Through blood examination and biopsy of different tissues, it is necessary to identify the presence of enzyme deficiencies related to the Glycogen (Froissart, 2009).
Treatment
Although there is no definitive cure for Cori's disease, different therapeutic interventions have been designed, some of them described By the Spanish Association of Glucogenesis Patients (Morales Vila, 2010):
- Treatment of episodes of hypoglycemia : Carbohydrate dose increase, dietary regulation, glucagon administration Subcutaneous or venous, intravenous inclusion of glucose etc.
- Surgical care : In severe cases of cirrhosis of the liver, surgical approaches are necessary and, fundamentally, transplantation of liver.
- Pharmacotherapy: Administration of drugs is mainly related to the treatment of episodes of pain and the Cardiac abnormalities
- Dietary attention: The regulation of food intake is a fundamental aspect in this and other pathologies of character metabolic. It is necessary to maintain a balanced diet, with nocturnal supply of glucose.
References
- AGSD. (2016). Glycogen Storage Disease Type III . Retrieved from The Association for Glycogen Storage Disease UK:
- Cosme, A., Montalvo, I., Sánchez, J., Ojeda, E., Torrado, J., Zapata, E., et al. . . Arenas, E. (2005). Glucogenosis type III associated with carcinoma Hepatocellular. Gastroenterol Hepatol , 622-5.
- Duke University Health System. (2016). What are the different types of Glycogen Storage Disease? Obtained from Duke Children's.
- FEC. (2016). Cardiomyopathies . Retrieved from the Spanish Foundation of the Heart.
- Froissart, R. (2016). Glycogen storage disease due to glycogen debranching enzyme deficiency . Obtained from Orphanet.

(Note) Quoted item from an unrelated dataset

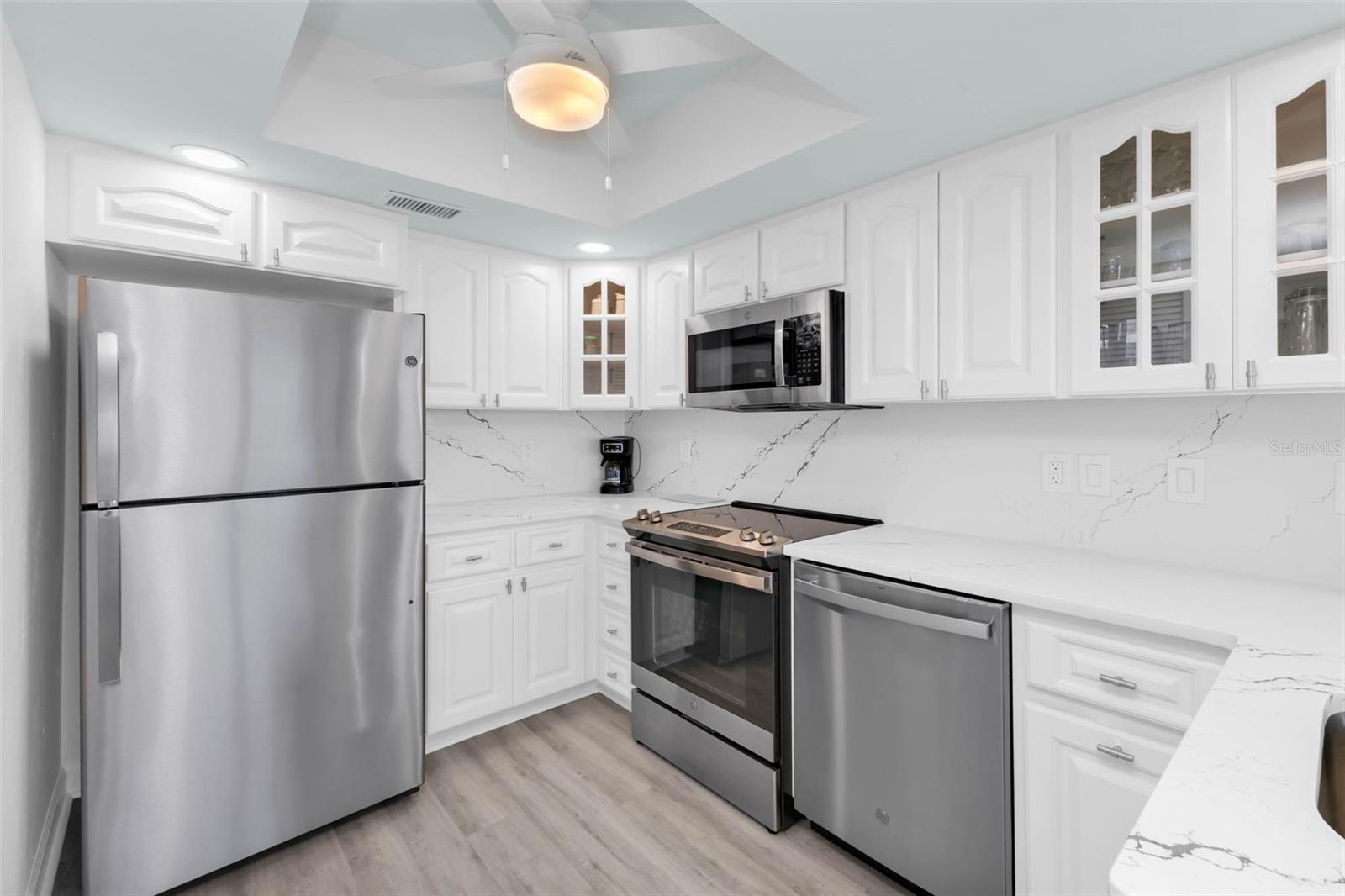 Image 27 of 77 For 7454 Palm Island Drive 3311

- Gershen, L., Prayson, B., & Prayson, R. (2015). Pathological characteristics of glycogen storage disease III in skeletal muscle. Case Reports / Journal of Clinical Neuroscience , 1674-1675.

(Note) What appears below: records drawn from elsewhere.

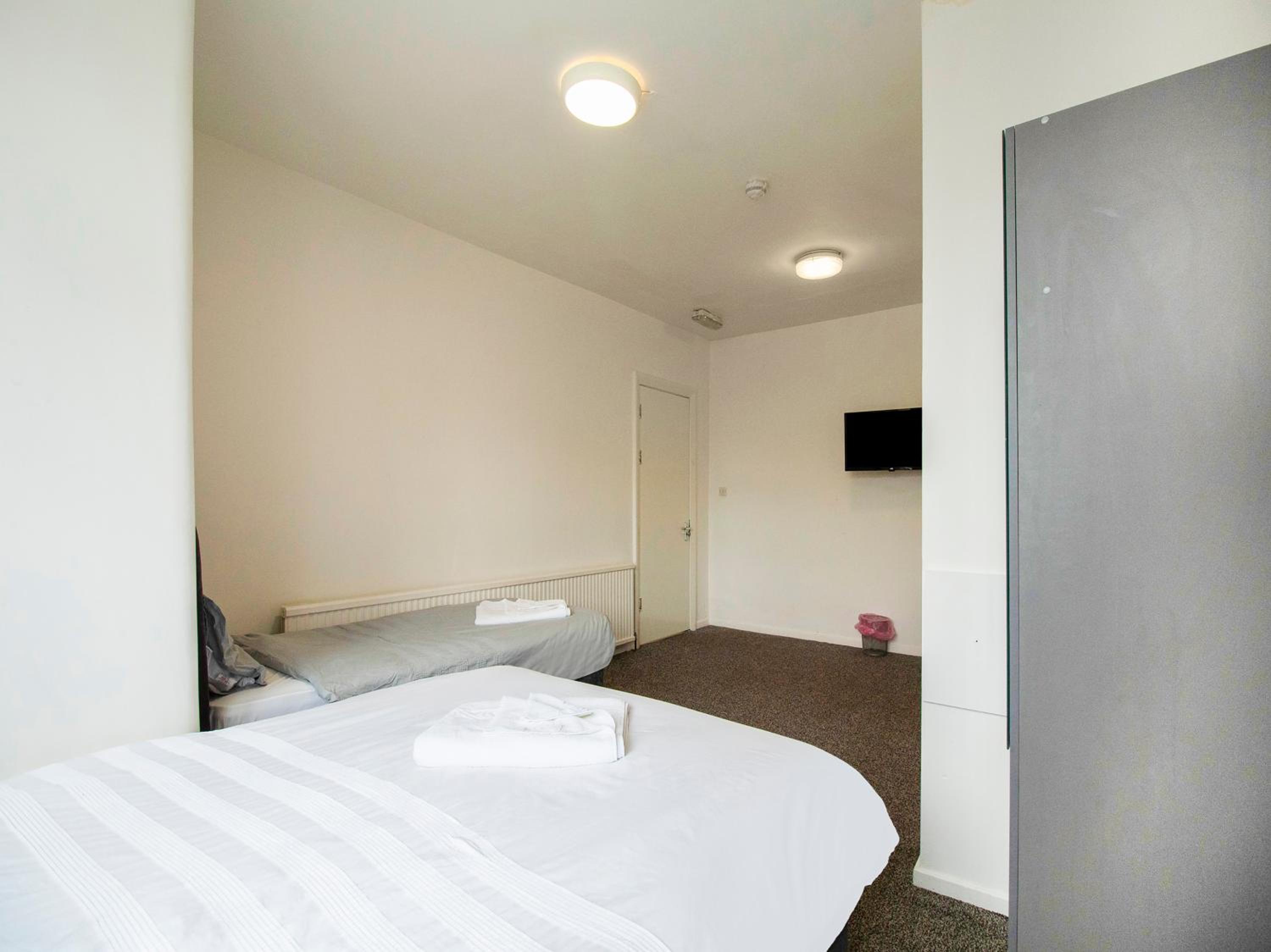Standard Twin Room With Shared Bathroom photo 2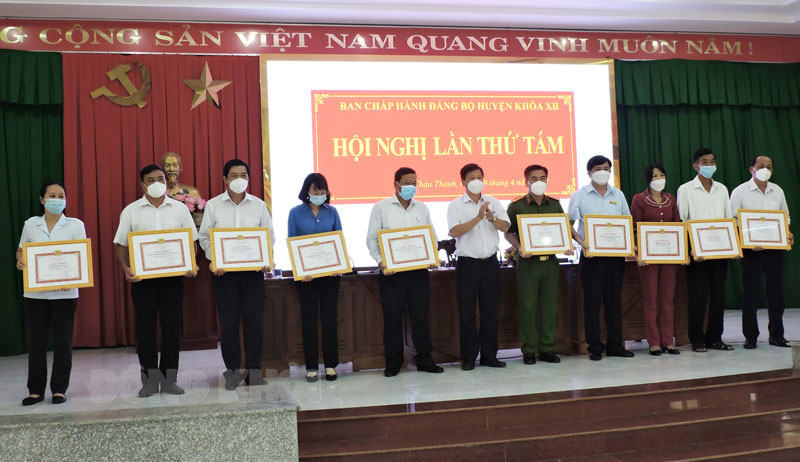 Các tổ chức đảng nhận giấy khen tiêu chuẩn hoàn thành xuất sắc nhiệm vụ tiêu biểu năm 2021.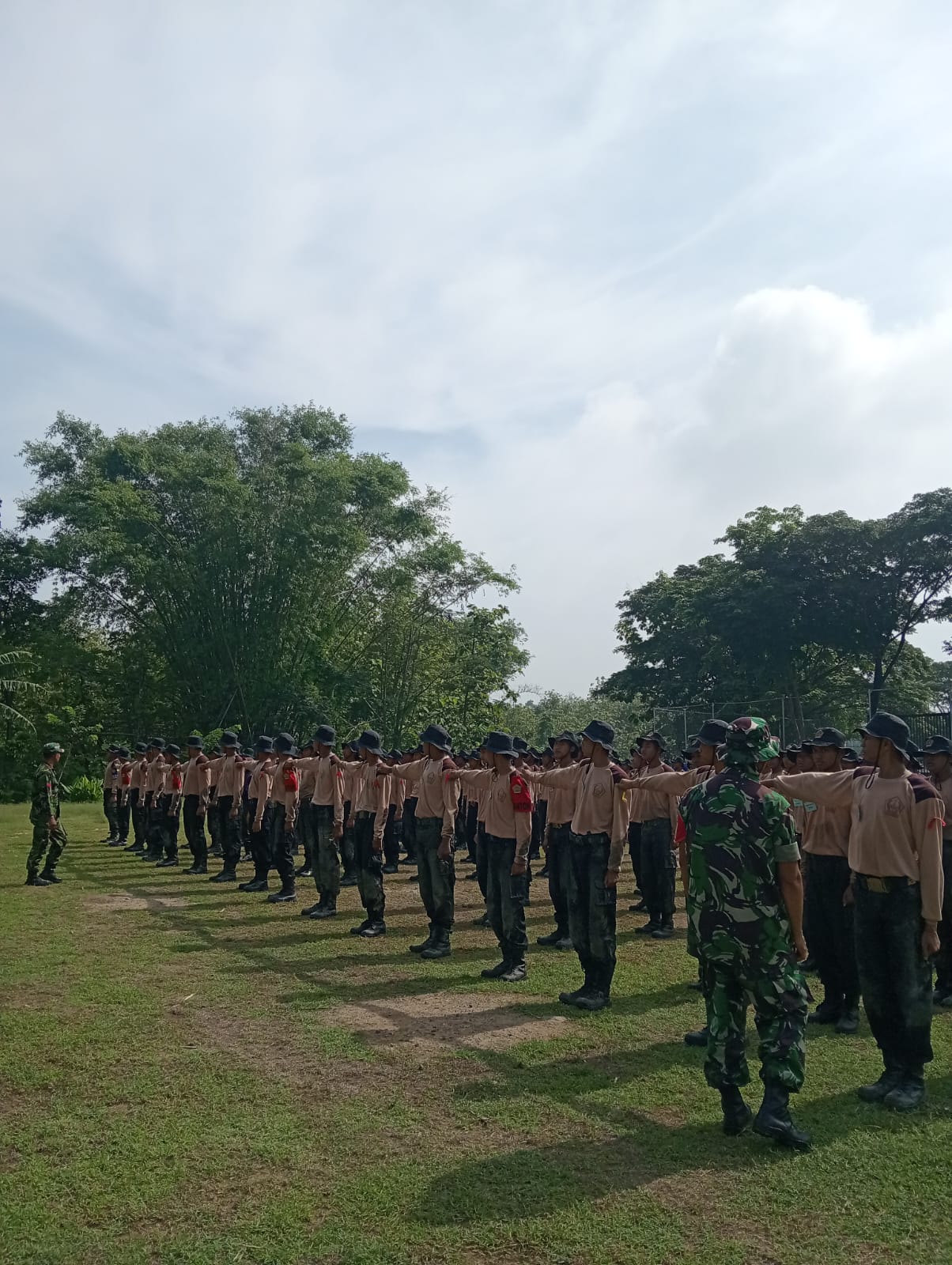 Babinsa Bekali Siswa SMK Sakti gemolong Dengan Disiplin dan Kekompakan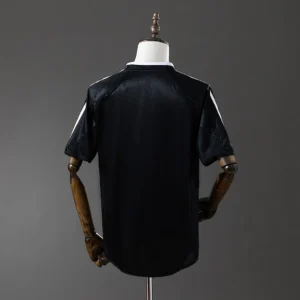 Real Madrid 2004/2005 Third Retro Jersey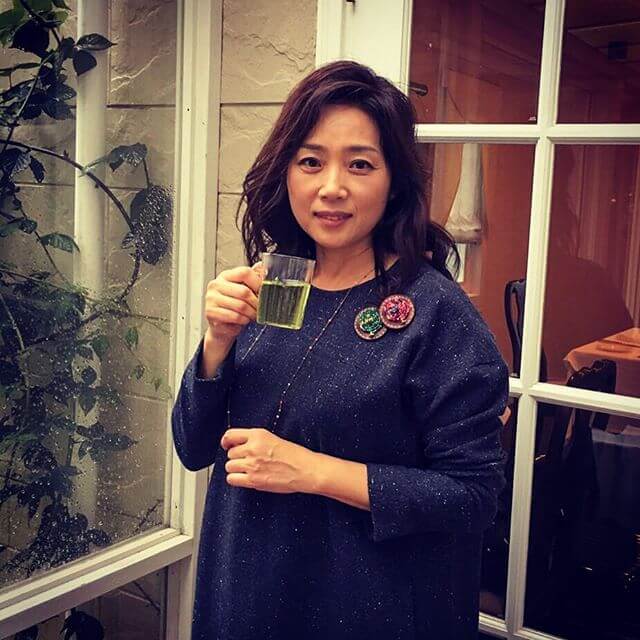 藤吉久美子のムチムチ画像はじめました。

- Ibarra-Lúzar, J., Fernández-Bravo, A., Villelabeitia-Jaureguizar, K., Arjona-Carmona, I., & Bermejo-Fernández, G. (2016). Glucogenosis type III. Rehabilitation (Madr). , 216-8.
- Labrune, P., Ebershweiler, P., Mollet Boudjemline, A., Hubert Buron, A., & Gajdos, V. (2010). Glucogenosis. EMC .

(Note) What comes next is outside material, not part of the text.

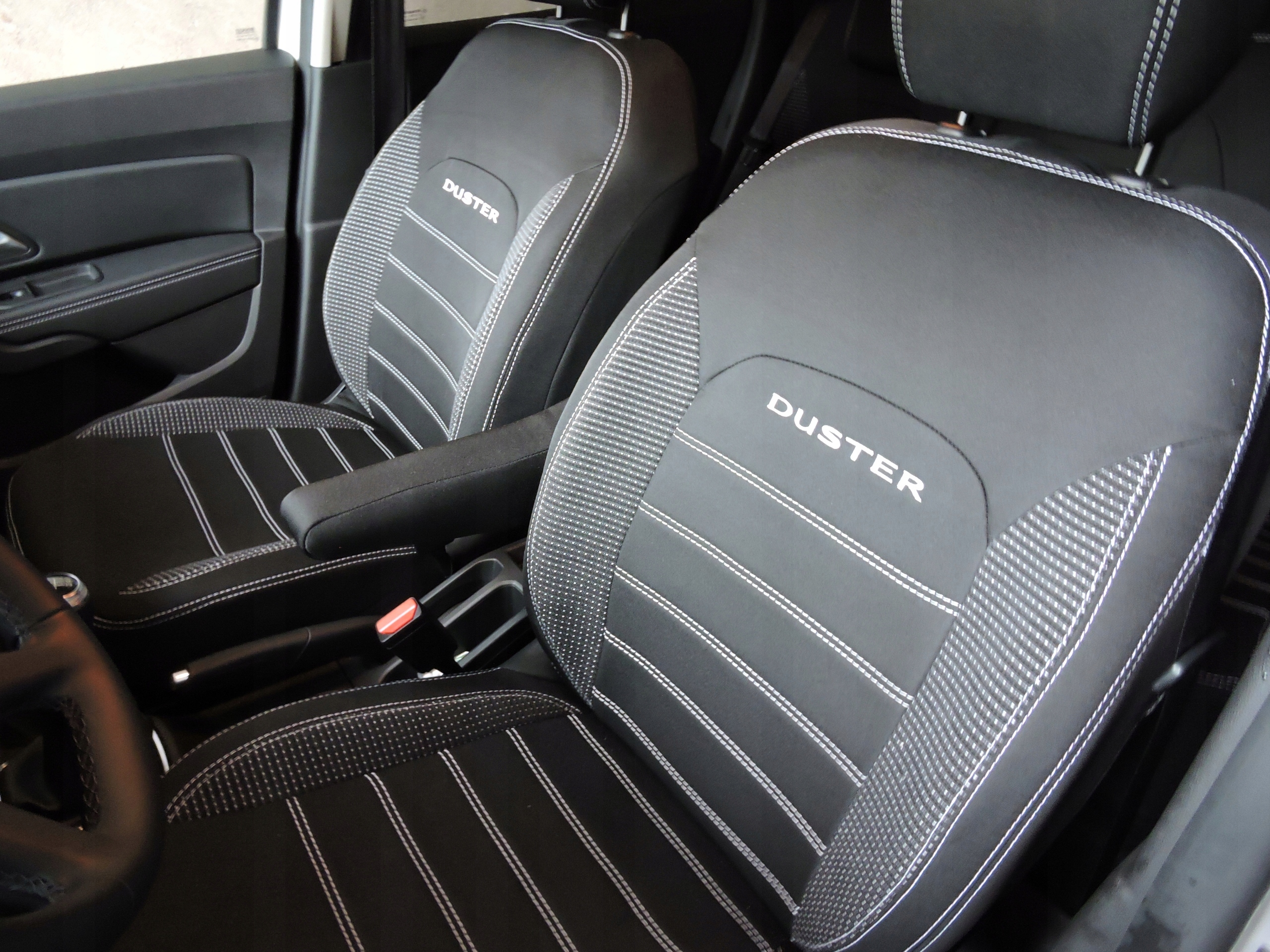 Pokrowce z tkanin z przeszyciami Dacia Duster II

- Morales Vila, A. (2010). Informative Guide for Type II Flucogenesis (Cori-Forbes Disease). Spanish Association of Patients with Glucogenosis .
- NIH. (2015). Familial combined hyperlipidemia . Obtained from MedlinePlus.
- NIH. (2015). Low blood sugar . Obtained from MedlinePlus.
- NIH. (2016). Glycogen storage disease type III . Retrieved from the Genetics Home Reference.
- NIH. (2016). Cirrhosis . Retrieved from the National Institute of Diabetes and Digestive and Kidney Diseases.
- NORD. (2016). Forbes Disease . Retrieved from the National Organization for Rare Disorders.
- Tegay, D. (2014). Genetics of Glycogen-Storage Disease Type III . Obtained from Medscape.